そして日本の課題として「人手不足」があげられます。コロナ禍で飲食店や宿泊業を中心に営業が非常に制限されるなか、人手不足については改善したかのように見えます。しかしコロナ禍の2021年7月時点の調査で、「従業員が不足している」と回答している企業は40.7%にものぼりました。

経済活動が元に戻りつつあるいま、人手不足の傾向は強まることになります。コロナ前の状況を思い出していただければ分かる通り、各産業どこも人手不足が深刻化していました。

世界的に見ても日本はダントツの超高齢化社会です。人口オーナスともいい、労働人口が非常に少ない状態にあります。コロナで人手不足感が一時的に下がったものの、経済が完全にフル稼働で回復してくると人手不足感はまた高くなることが予想されます。

業種別に見ると、建設や飲食といったセクターで、コロナ前であれば60~70%近くの企業が人手不足を感じていました。

またコロナによって世の中のDX化、IT化は進み、リモート会議などは日常的なものになっています。情報サービス分野においては、コロナによってITエンジニアなど不足感が高まっています。コロナ前も74%と非常に高い数字であるが、より一層高まるのではないかと考えられます。

みずほ情報総研のデータを引用すると、IT人材は、2020年の段階で41万2,000人ほど足りない状況でした。前述のとおり、高齢化が進む日本では、労働人口は減少し、人手不足感が増していく状況。しかし社会のIT化は加速していき、IT人材が足りないという状態が発生しているのです。この点、日本経済の成長においても大きな課題といえるでしょう。

それに対してフィリピンは世界的に見ても労働力人口が増える期間が長い=人口ボーナスが長い国として知られています。大卒の人口は毎年70万人ほどいて、そのうち60%ほどがITについて学んでいます。つまり毎年42万人のITエンジニアが供給されている状況です。

人口ボーナスの長いフィリピンでは、少なくてもこのような状態が20年近くは続きます。日本が不足しているIT人材の人数と、フィリピンが供給できるIT人材の人数は一致しています。不足するIT人材をフィリピンから採用すれば、日本の課題のひとつが解決できるというわけです。

海外で活躍するフィリピン人材…その規模、4兆円/年

海外で働いて外貨を稼ぐフィリピンの人たちであるOFW。この人たちがどれくらいの金額を国(フィリピン)に送金しているのでしょうか。

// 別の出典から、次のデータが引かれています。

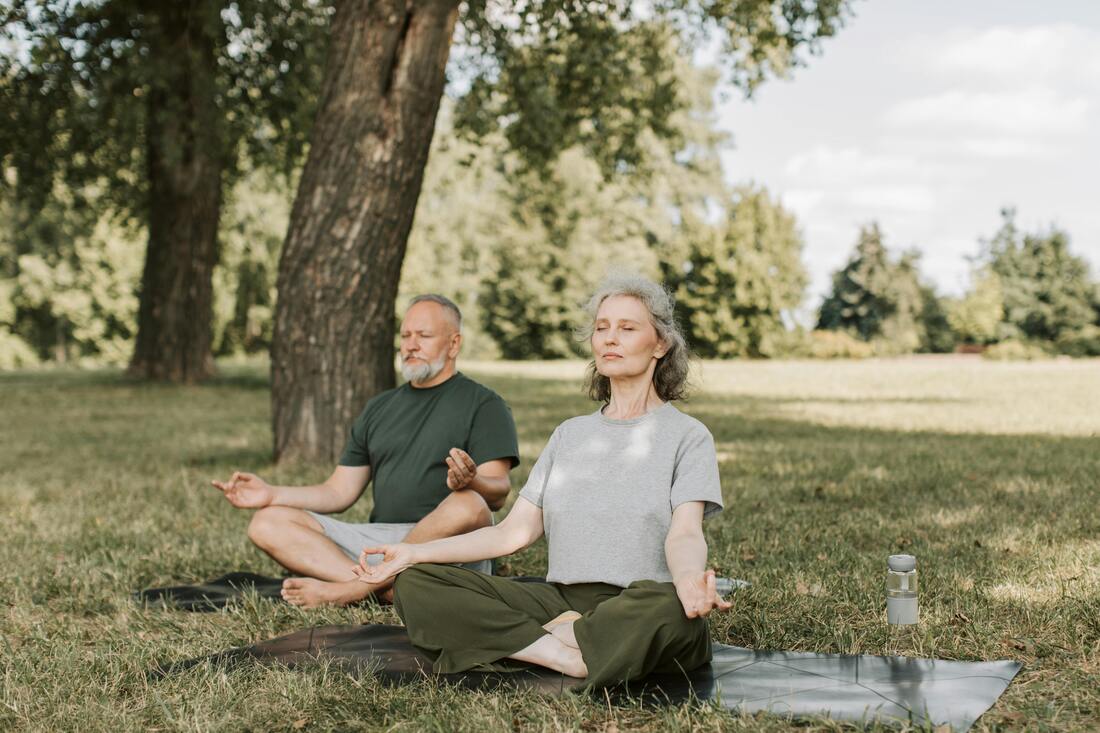 Couple doing yoga breathing exercise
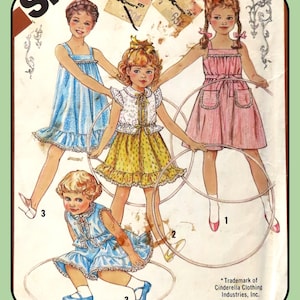 May include: A vintage illustration of children's dresses. Three girls are depicted wearing dresses in blue, yellow, and pink, each holding a hula hoop. The image includes text and the trademark of Cinderella Clothing Industries, Inc.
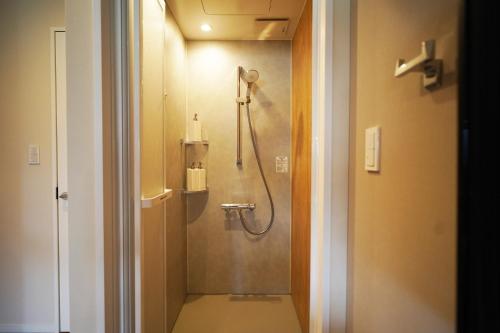 a bathroom with a shower with a toilet in it at Etcetera Niijima Nagisa Building - Vacation STAY 02083v in Niijimamura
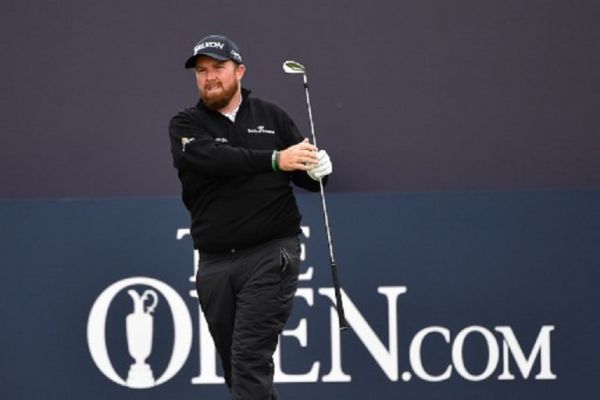 Ireland's Shane Lowry tees off from the first hole during the first round of the British Open golf Championships at Royal Portrush golf club in Northern Ireland on July 18, 2019.PHOTO/ AFP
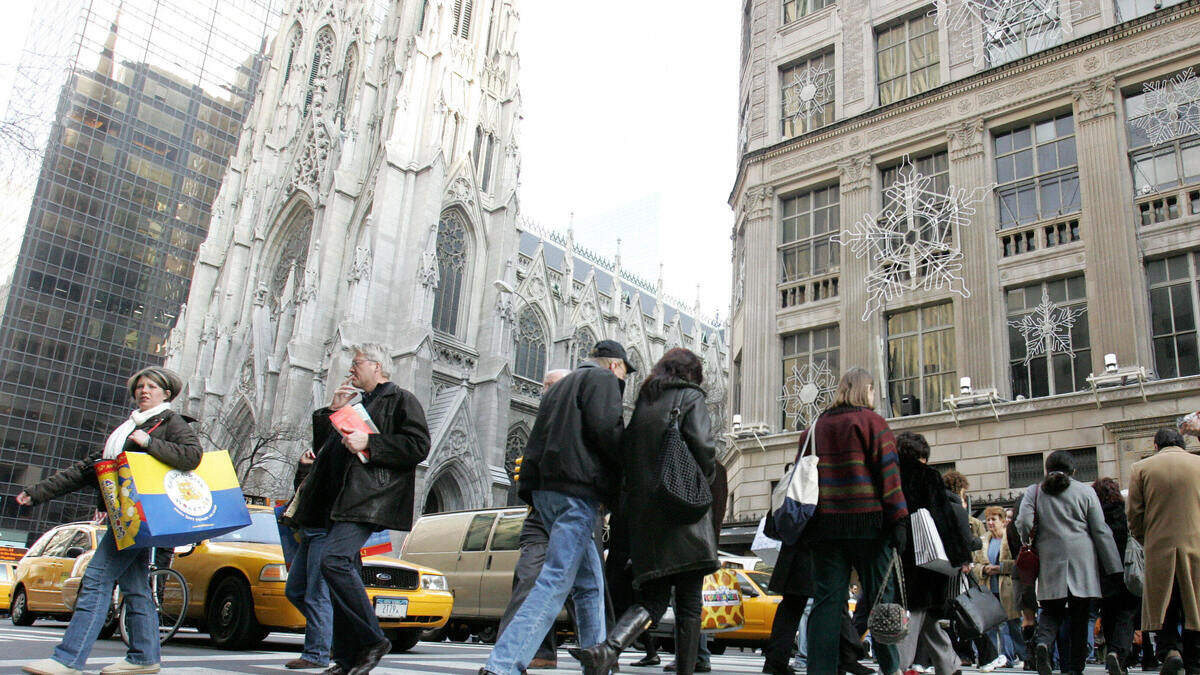 Holiday shoppers carry bags as they walk up Fifth Avenue in Manhattans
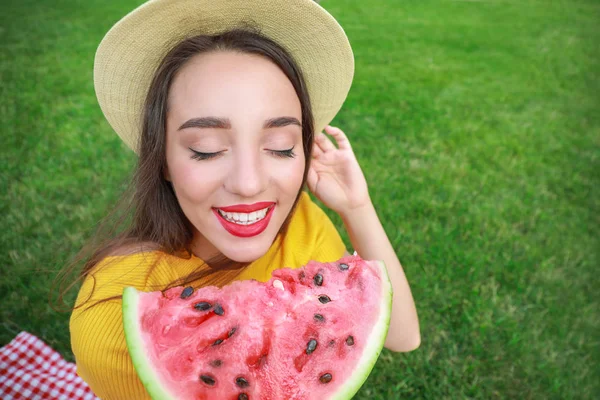 Beautiful young woman eating sweet watermelon in park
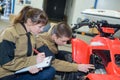 Young mechanics examining quadbike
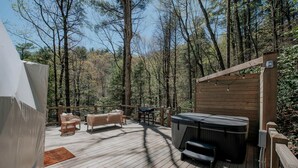 A wooden deck with a hot tub, wicker furniture, and a tent. - Unmatched Views Await You at this Cherry Log, Georgia Designer Dome near Fall Branch Falls (Cherry Log)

海外送金額はコロナ禍でも安定していて、金額ベースではなだらかな上昇傾向が続いています。日本円に換算すると約4兆円にもなります。

世界中の国で活躍しているのですが、現在は北米や中東が特に多くなっています。日本にも多くの人が来ていることは知られていますが、今後はより多くのフィリピン人材を活用していく必要があると考えられます。

日本とフィリピンの人口を比べてみると、ほとんど同じで1億1,000万人くらい。ただ人口構造はまったく異なり、日本は労働人口の割合が減少していく人口オーナスの状態。一方フィリピンは、労働人口の割合が増えていく人口ボーナスの状態です。

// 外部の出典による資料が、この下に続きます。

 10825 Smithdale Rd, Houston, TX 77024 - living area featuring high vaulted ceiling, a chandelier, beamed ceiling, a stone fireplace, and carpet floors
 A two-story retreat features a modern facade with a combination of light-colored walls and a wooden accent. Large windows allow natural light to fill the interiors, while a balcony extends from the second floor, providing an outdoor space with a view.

平均年齢も異なり、日本は47歳くらいなのに対して、フィリピンは23歳と、非常に若い国です。

日本は、少数民族はいるものの単一民族の国といわれ、異文化との交流が難しく、移民政策も取りづらく、人手不足が恒常化しています。

それに対してフィリピンは人口ボーナスの状態にあり、これから経済成長を遂げていきます。フィリピン経済は1970年代初頭の日本くらいの水準です。日本は製造業が発展し、それらを海外に輸出するという産業モデルで経済を発展させました。一方、これから経済発展していくフィリピンは、アウトバウンド人材とインバウンド人材が経済成長の中心になると考えられます。

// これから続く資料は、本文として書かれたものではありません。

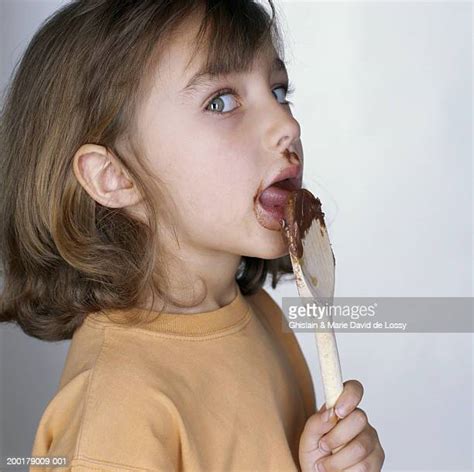 girl licking chocolate photos and premium high res pictures getty images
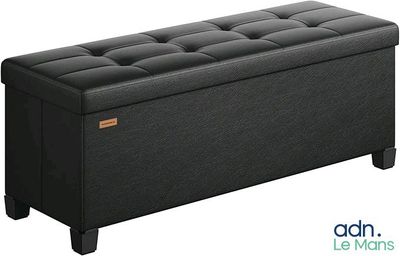 un banc de rangement noir avec un dessus capitonné et des pieds en bois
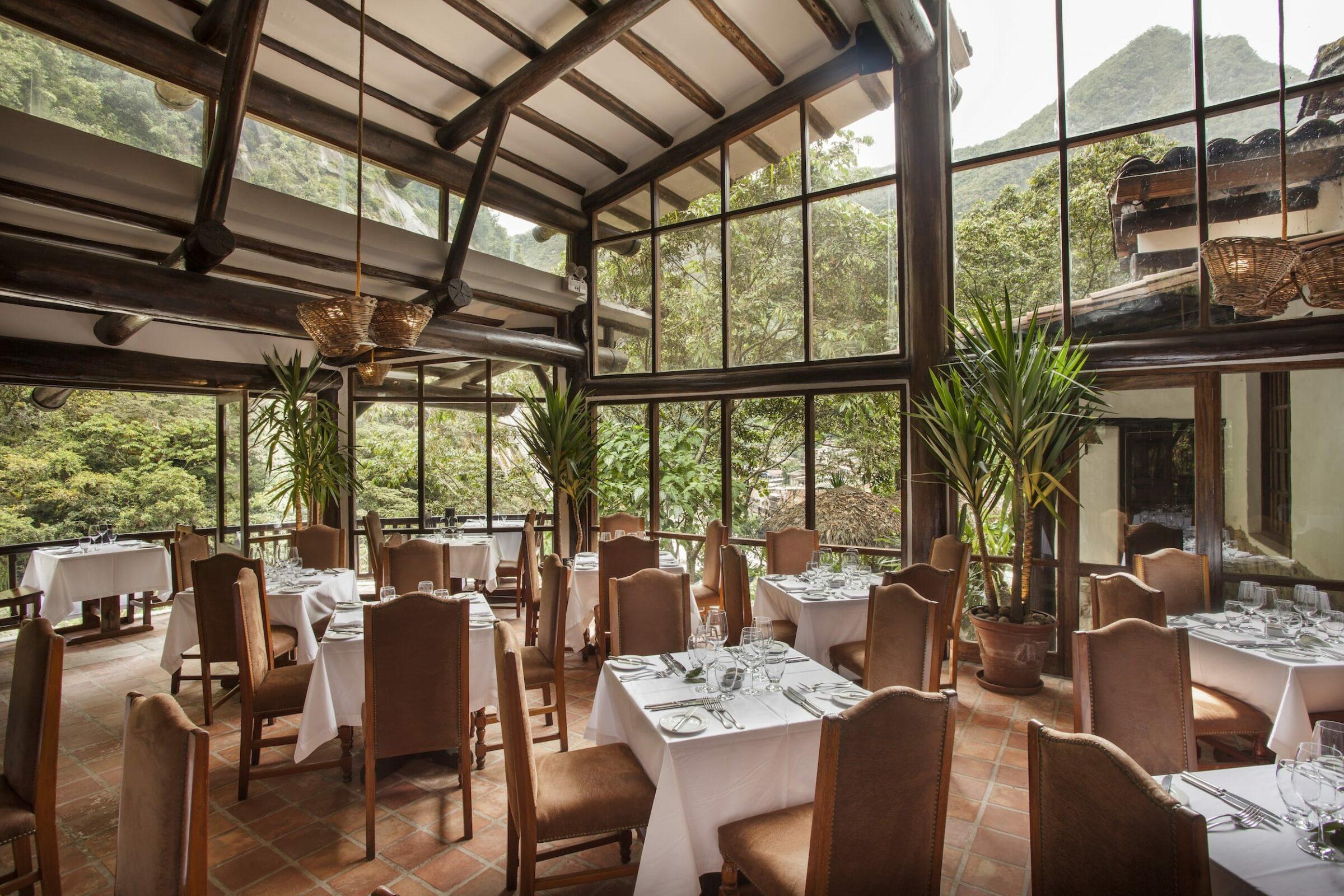 Elegantes Restaurantinterieur im Inkaterra Machu Picchu Pueblo Hotel mit großen Fenstern, die einen Blick auf die üppig grünen Berge bieten. Sonnendurchflutet, mit weißen Tischdecken, braunen Stühlen und hohen Pflanzen, die eine ruhige, einladende Atmosphäre schaffen.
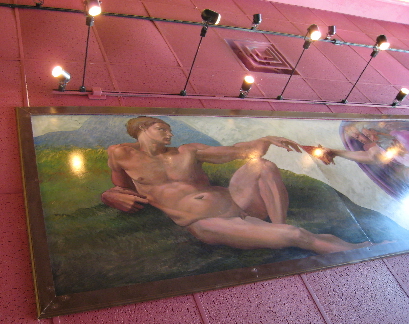 The Creation of Adam festoons the ceiling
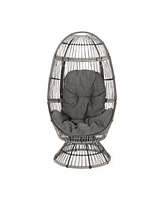 Cozy Swivel Egg Chair: Rattan Haven For Outdoor Relaxation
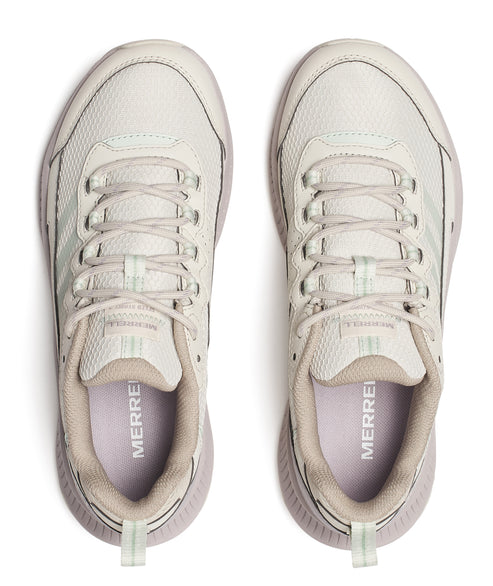 Top-down view of two light beige athletic shoes with visible laces and the text 'MERRELL' inside.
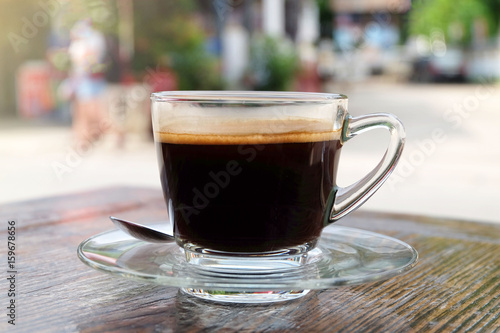 Hot coffee (Americano) on wooden table in relax morning. photo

今後は日本の人手不足という課題を、海外の優秀な人材を活用して解決していくことが大切であることは明白です。その中で特定技能や技能実習といった制度が整えられました。コロナ収束に伴い、これらの制度を活用して、海外から優秀な人材をいかに活用していくかが、今後の日本の経済成長にとっても非常に重要であるといえるのです。